**PROBLEM DETAILS:**
Would you print every entry below exactly as written, omitting the images?

[[ SUPPLIED DATA, beginning ]]

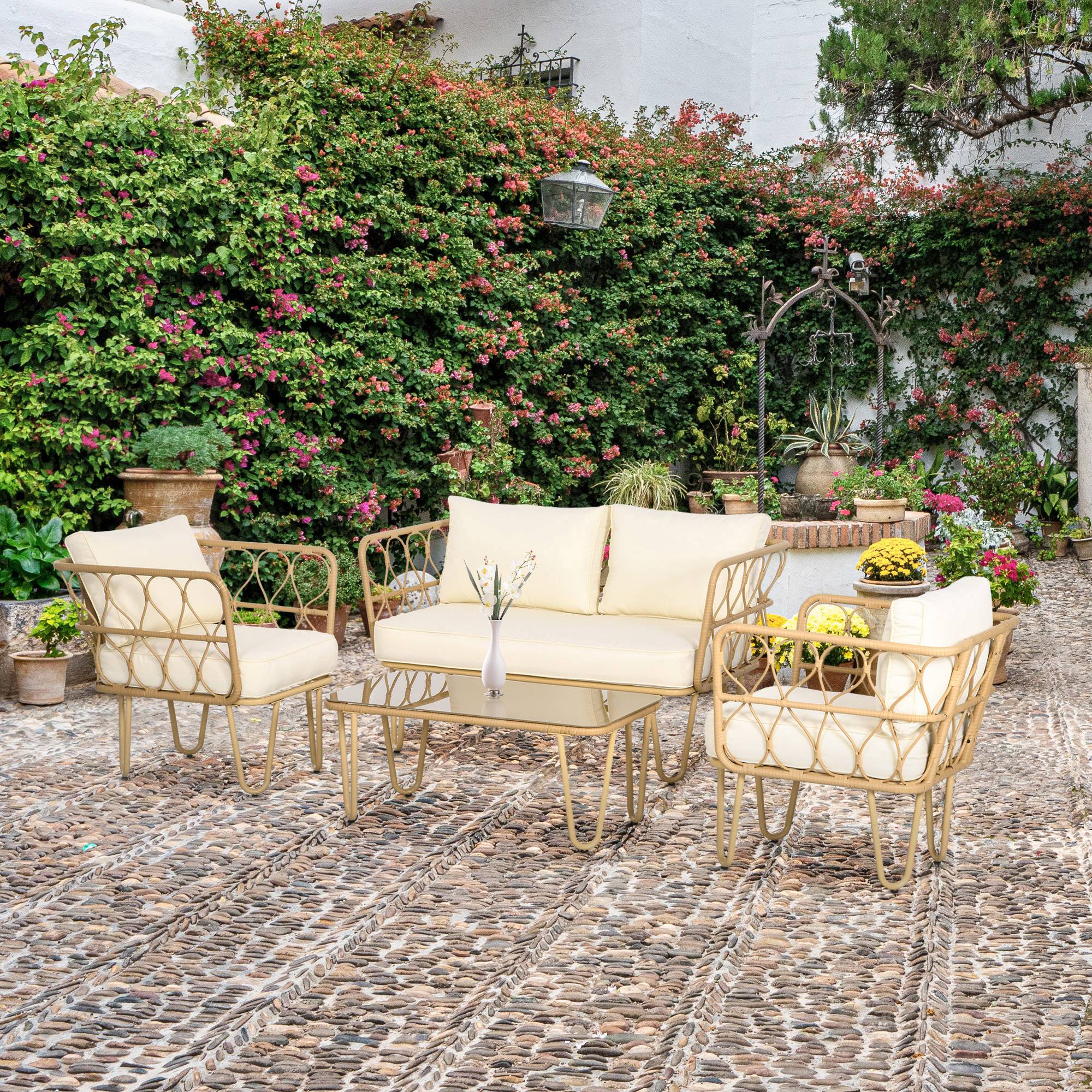 ComfortXL - Salon de jardin 4 places résine tressée terrasse détente coussins inclus kaki - ComfortXL Outdoor Living - Image 3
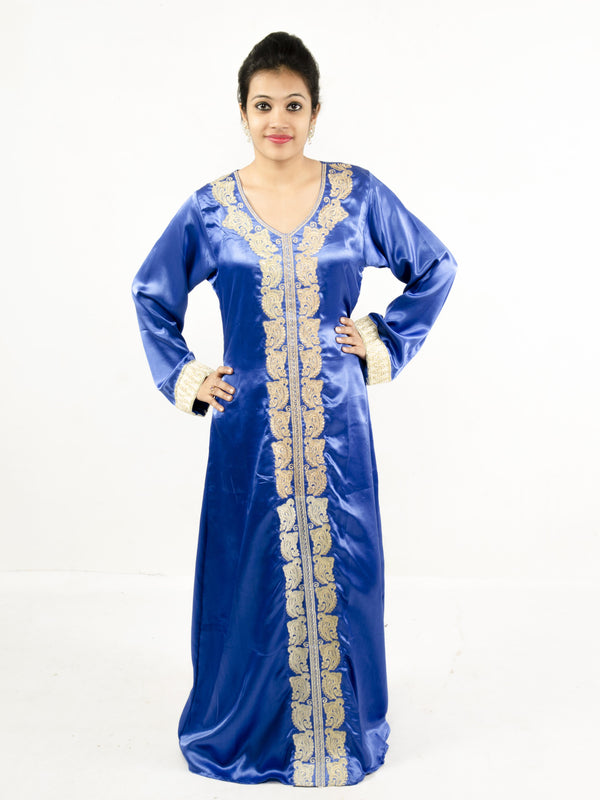 Blue embroidered satin islamic kaftan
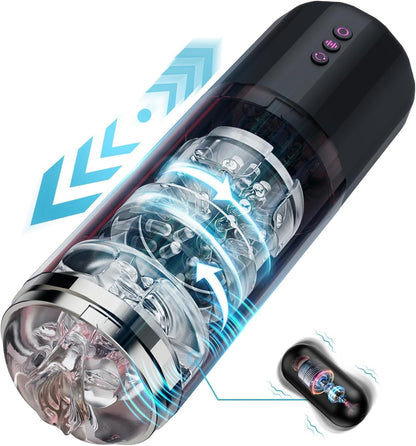 3 IN 1 Automatic Masturbator Stroker with 10 Vibration & 5 Thrusting Rotating Modes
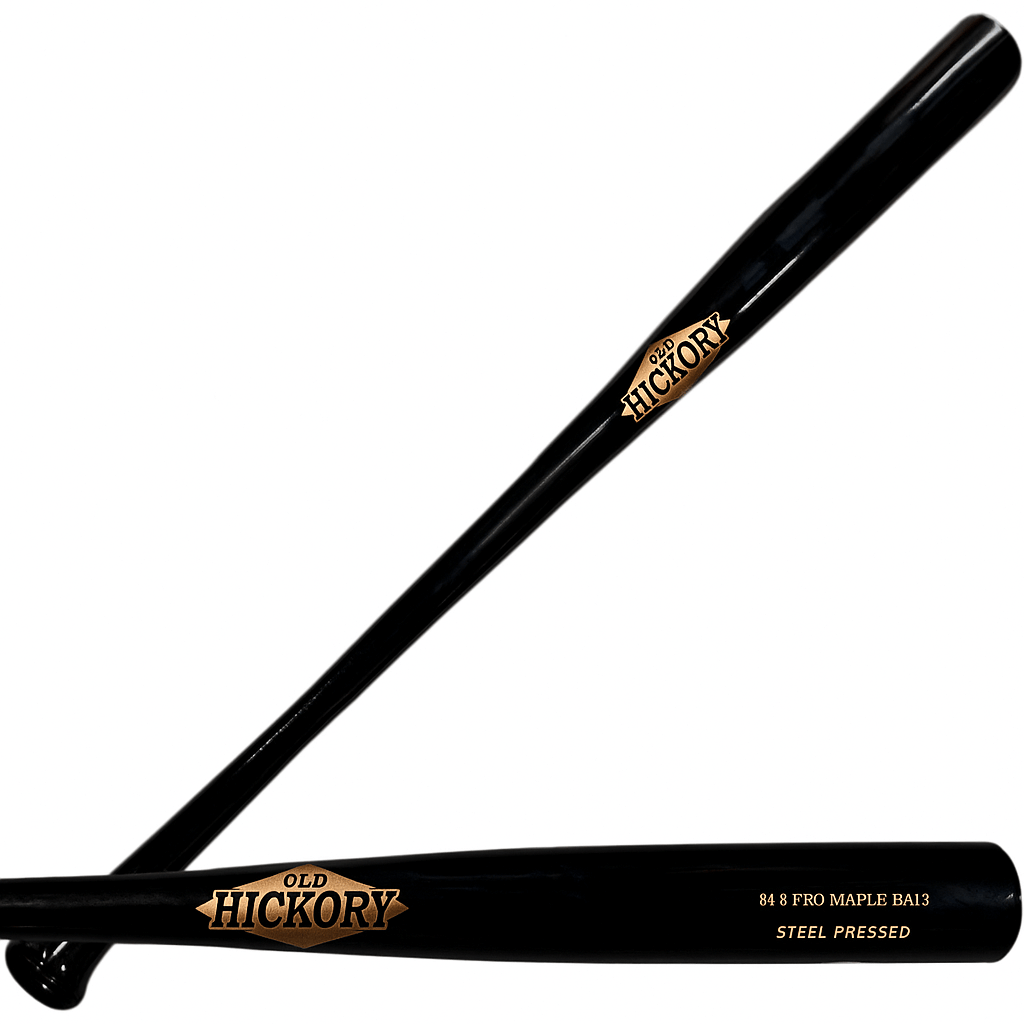 Front and back view of Old Hickory Steel Pressed RA13 Bat in custom black and gold chrome finish.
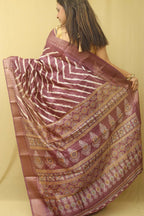 Stunning Purple Leheriya Print Tussar Saree - Luxurion World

[[ SUPPLIED DATA, end ]]

**EXERCISE ANSWER:**
 ComfortXL - Salon de jardin 4 places résine tressée terrasse détente coussins inclus kaki - ComfortXL Outdoor Living - Image 3
 Blue embroidered satin islamic kaftan
 3 IN 1 Automatic Masturbator Stroker with 10 Vibration & 5 Thrusting Rotating Modes
 Front and back view of Old Hickory Steel Pressed RA13 Bat in custom black and gold chrome finish.
 Stunning Purple Leheriya Print Tussar Saree - Luxurion World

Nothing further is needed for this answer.